Palmeira e Estrela registram aumento no número de leishmaniose em 2018

Por Vanessa Santos

Nos primeiros seis meses deste ano, Alagoas registrou 63 casos de leishmaniose, também conhecida como calazar, em humanos, um número 30% maior do que o registrado durante todo o ano de 2017. A doença é grave e pode levar à morte se não for tratada da forma correta.

Segundo a Secretaria de Estado da Saúde (Sesau), em todo o ano passado foram 48 casos.

A maior parte dos registros da doença em humanos nos últimos meses está concentrada no Sertão alagoano. As cidades com mais casos de calazar são: Estrela de Alagoas (11), Palmeira dos Índios (8), Girau do Ponciano (5) e Santana do Ipanema (4).

No mesmo período, aumentaram também os registros de cães infectados – principais hospedeiros da leishmaniose visceral. De janeiro a dezembro de 2017, foram confirmados 69 casos de calazar canina. Somente no primeiro semestre de 2018, os casos chegaram a 350.

Em geral, a transmissão ocorre pelo mosquito-palha que pica o cão infectado com o protozoário leishmania chagasi e se torna o vetor da doença.
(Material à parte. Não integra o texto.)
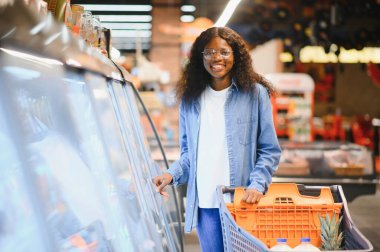 Market alışverişi yapan, alışveriş yapan, yiyecek seçen ve alışveriş yapan mutlu siyah kadın. Modern süpermarketin raflarında market arabasıyla ayakta duruyor..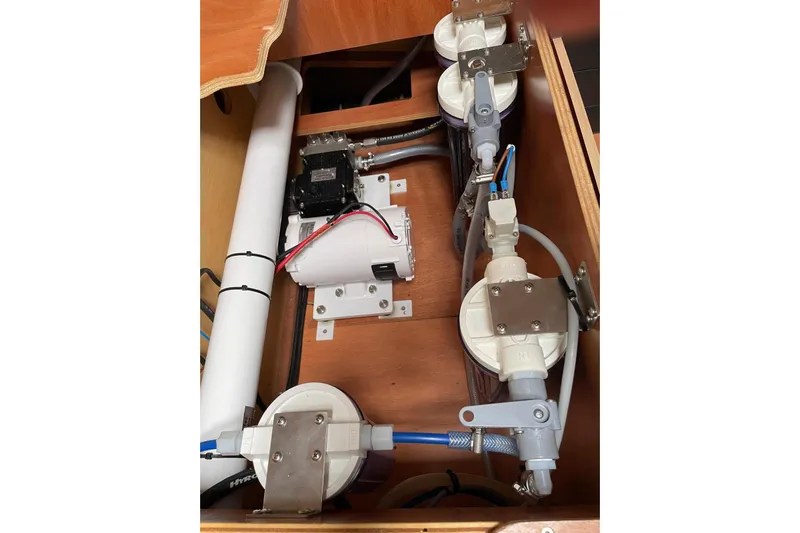  Yacht Photos Pics Engine compartment of a 2016 Lagoon 42 catamaran, showcasing mechanical components and wiring.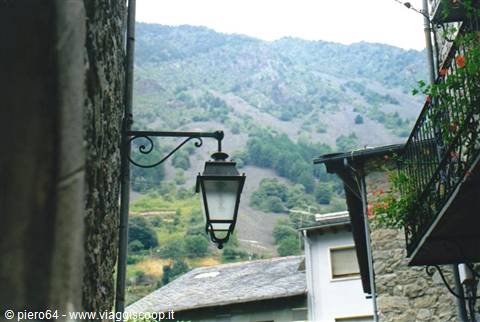 Black wrought-iron street lamp on stone wall, green mountains behind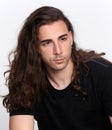 Stylish male model with long wavy hair posing in studio. Trends, style, fashion concept.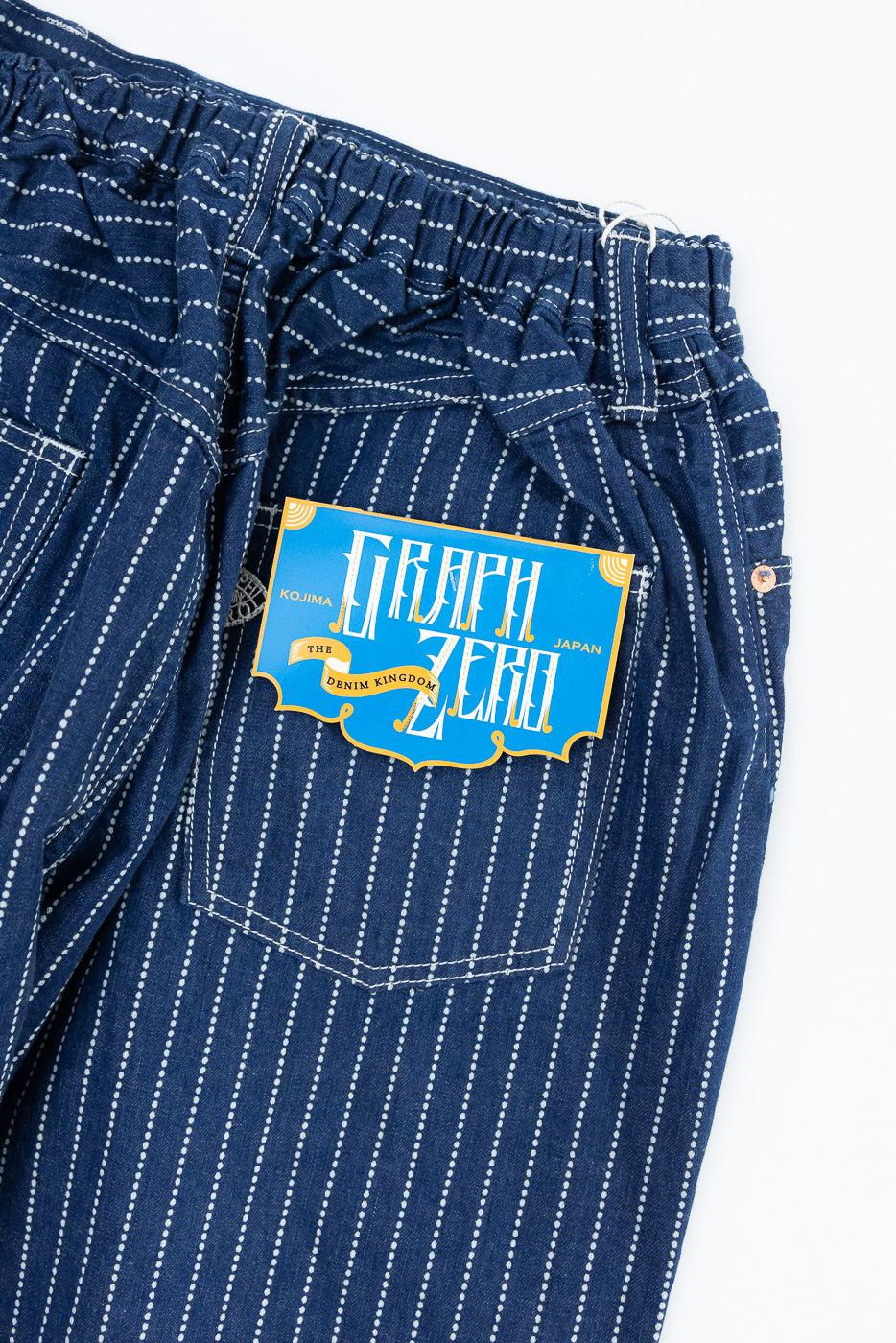 Close-up of back pocket with Graph Zero tag on striped denim pants, showcasing fabric texture and stitching.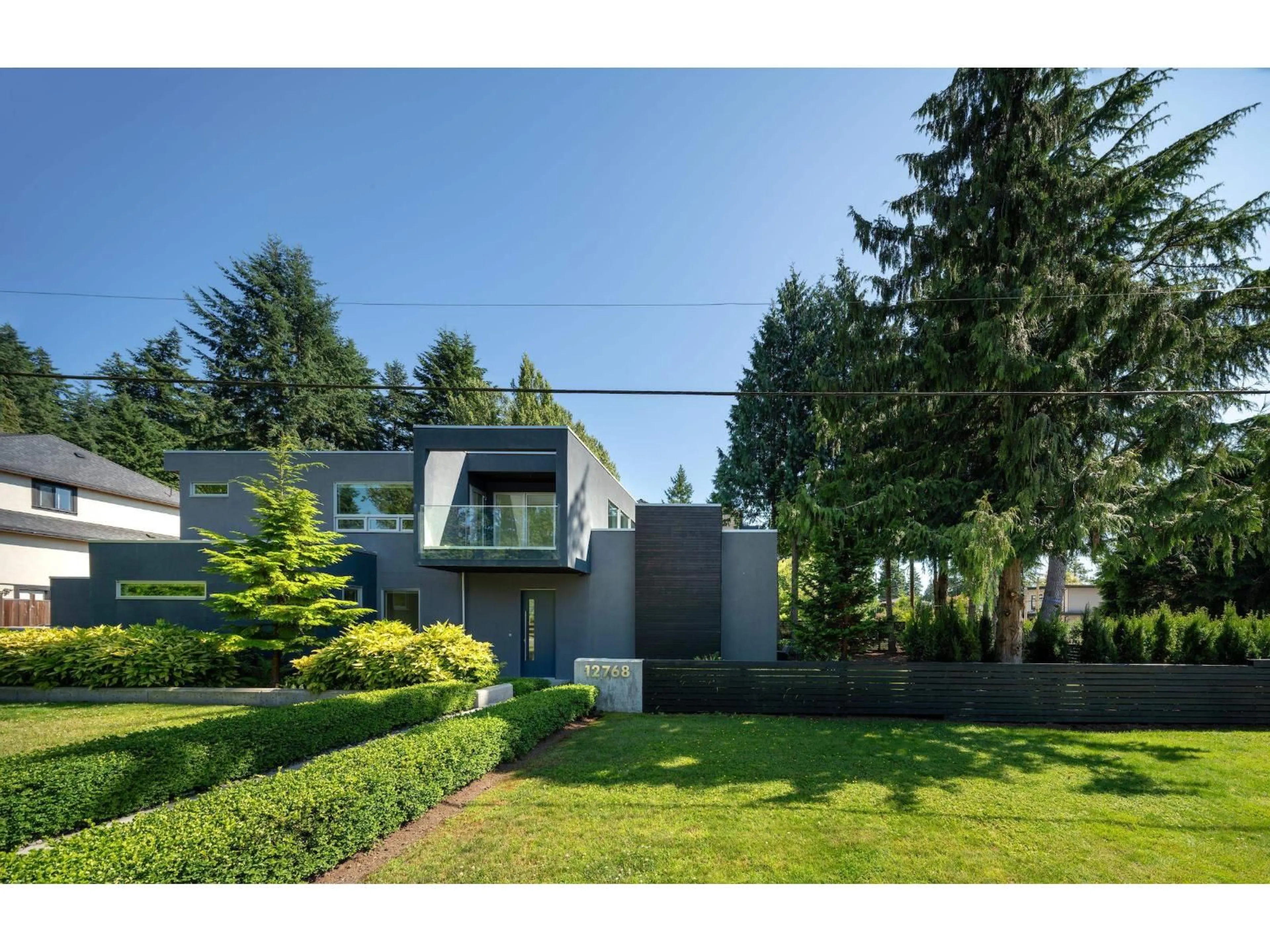 A pic from outside/outdoor area/front of a property/back of a property/a pic from drone, street for 12768 26B, Surrey British Columbia V4A3T3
Assim, os insetos infectam seres humanos e outros animais.

Em nota, a Sesau informou que os agentes de saúde municipais devem reforçar as buscas de casos em humanos ou cães . Disse ainda que quando a doença é identificada em cachorros, eles passam por exames. Neste período, é realizado o tratamento. Se, quando o resultado sair, for comprovada a doença e o tratamento não surtir efeito, o animal é sacrificado.

A secretaria explica também que os humanos precisam começar o quanto antes o tratamento nas unidades da atenção básica mais próximas de casa e complementar o atendimento no Hospital Escola Hélvio Auto, referência no Estado.
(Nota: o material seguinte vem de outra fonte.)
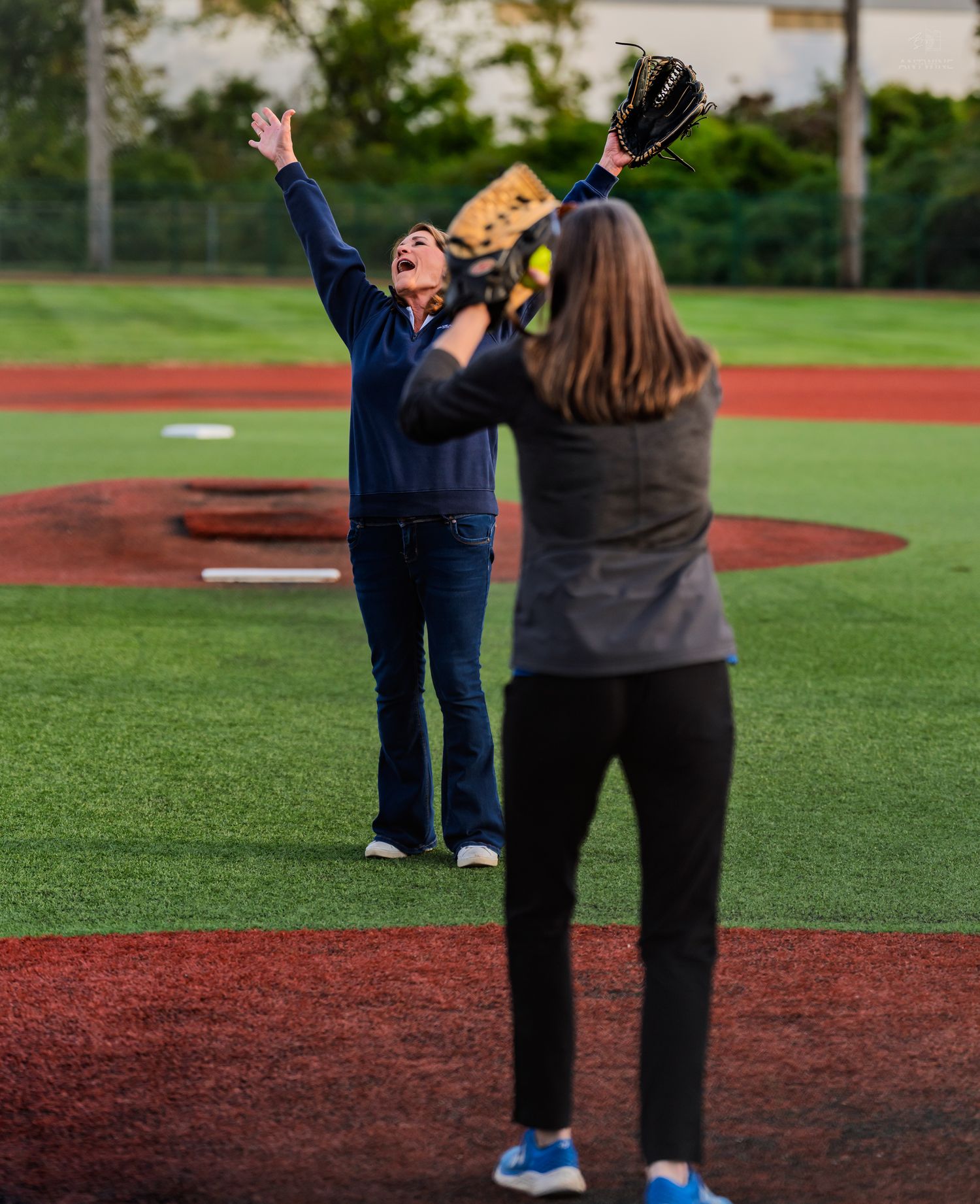 Woman celebrates with arms raised after throwing a softball on a turf baseball field.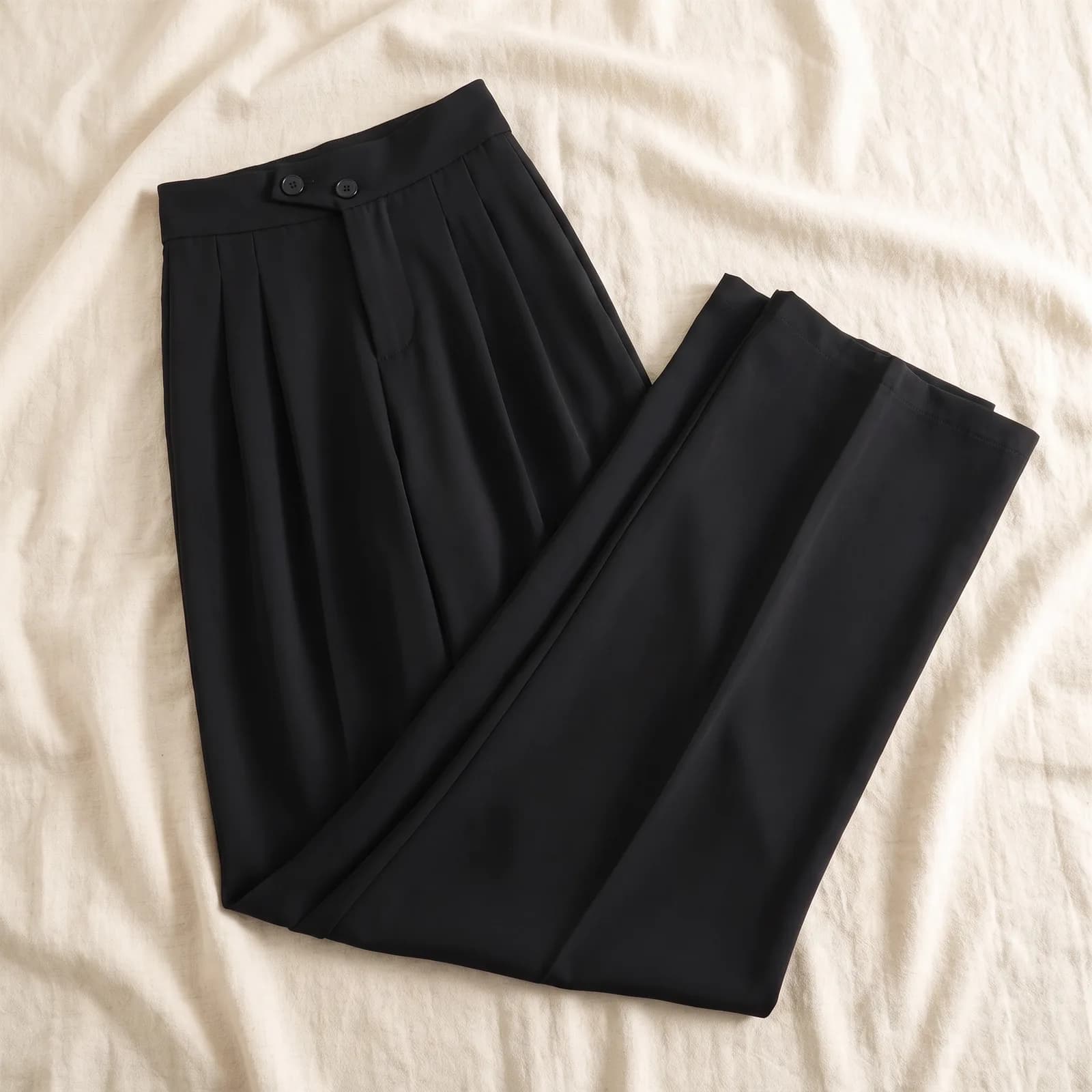 The trousers laid flat top-down on warm cream linen, pleats visible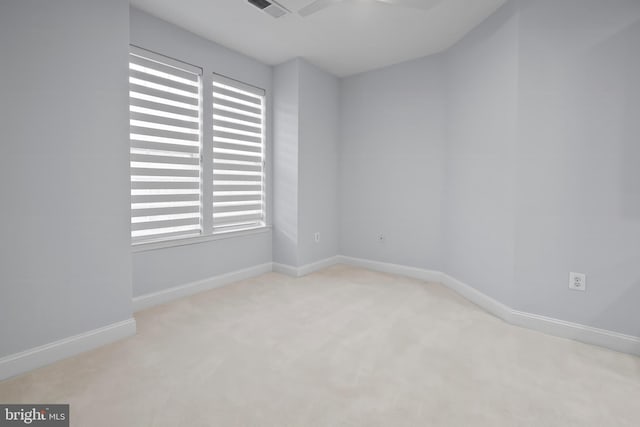 empty room with visible vents, carpet, and baseboards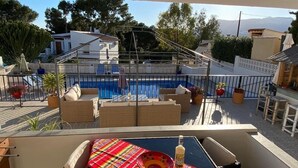 Ein Balkon mit Pool, Korbmöbeln und Topfpflanzen.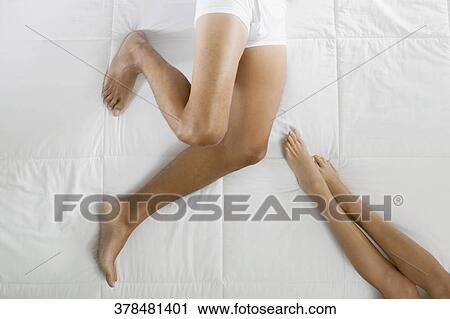 Low section view of a man and a woman lying on the bed View Large Photo Image Stock Image - Low section view of a man and a woman lying on the bed. Fotosearch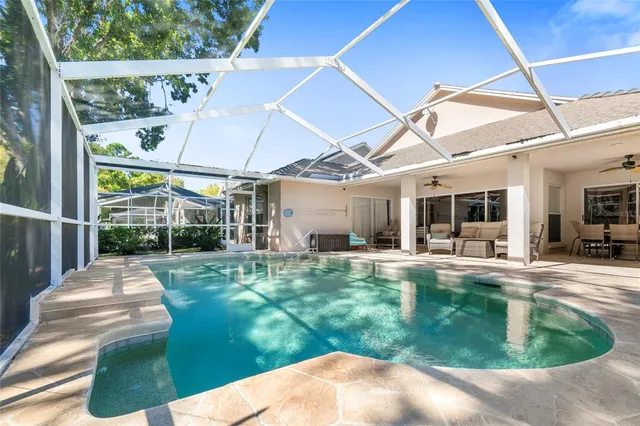 a view of a house with backyard porch and sitting area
Em contato com o veterinário Edson Moura explicou que o tratamento dos animais com leishmaniose foi autorizado após decisão de 2013 do Superior Tribunal Federal (STF).

“Há um medicamento usado no tratamento que não cura, mas tira o parasita da pele do animal, e evita que o vetor transmita a doença para outros. É importante saber que todos os mamíferos são hospedeiros da leishmaniose, mas como nossa imunidade é melhor que a dos cães, a doença se manifesta mais neles”, afirma o veterinário.
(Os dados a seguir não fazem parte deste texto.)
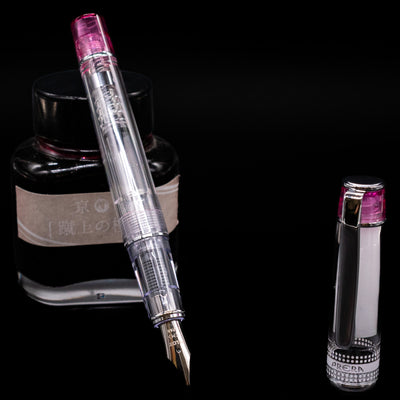 Pilot Prera Fountain Pen - Pink leaning on an ink bottle uncapped showcasing the detailing on the nib.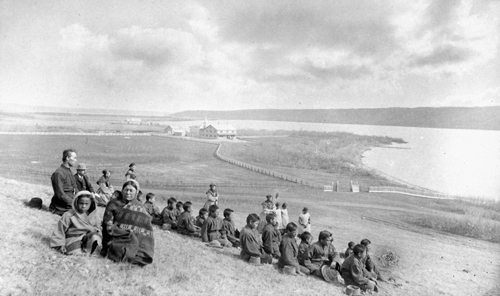 Des élèves autochtones et des membres du personnel religieux sont assis sur une colline surplombant une rivière près du pensionnat autochtone de Qu’Appelle, en Saskatchewan.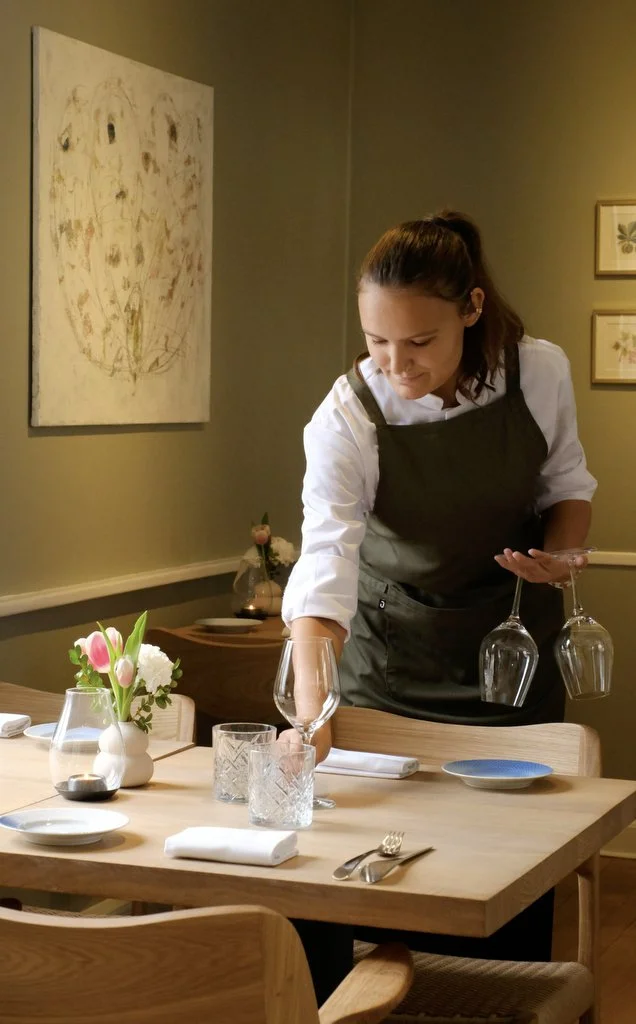 Tjener dækker bord på Den Røde Cottage.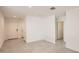 Bright living room with neutral walls, modern tile flooring, and ample natural light at 12142 E Sunflower Ln, Florence, AZ 85132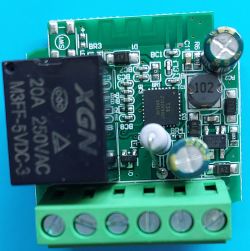 Gray PCB with various electronic components, including a relay, capacitor, and T34 integrated circuit.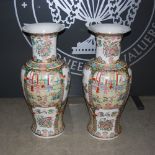 A pair of Chinese porcelain famille rose floor vases, 20th century, decorated with panels of figures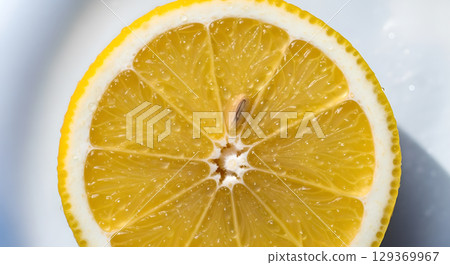 A vibrant close-up of a lemon slice showcasing its juicy segments and refreshing appeal for healthy recipes 129369967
Ele conclui dizendo que o sacrifício dos animais não diminui a incidência da doença. “Há muitos trabalhos escritos relatando isso. O cão serve de sentinela para a sociedade. Se há muitos casos da doença em animais, especialmente em cão, é um informativo à secretaria de saúde para rever como fazer o controle do vetor. A questão é essa”.

A Sesau também reforçou o monitoramento dos municípios com maior número de casos e garantiu que vai capacitar as equipes para que o diagnóstico seja fechado mais rapidamente e evitar subnotificação.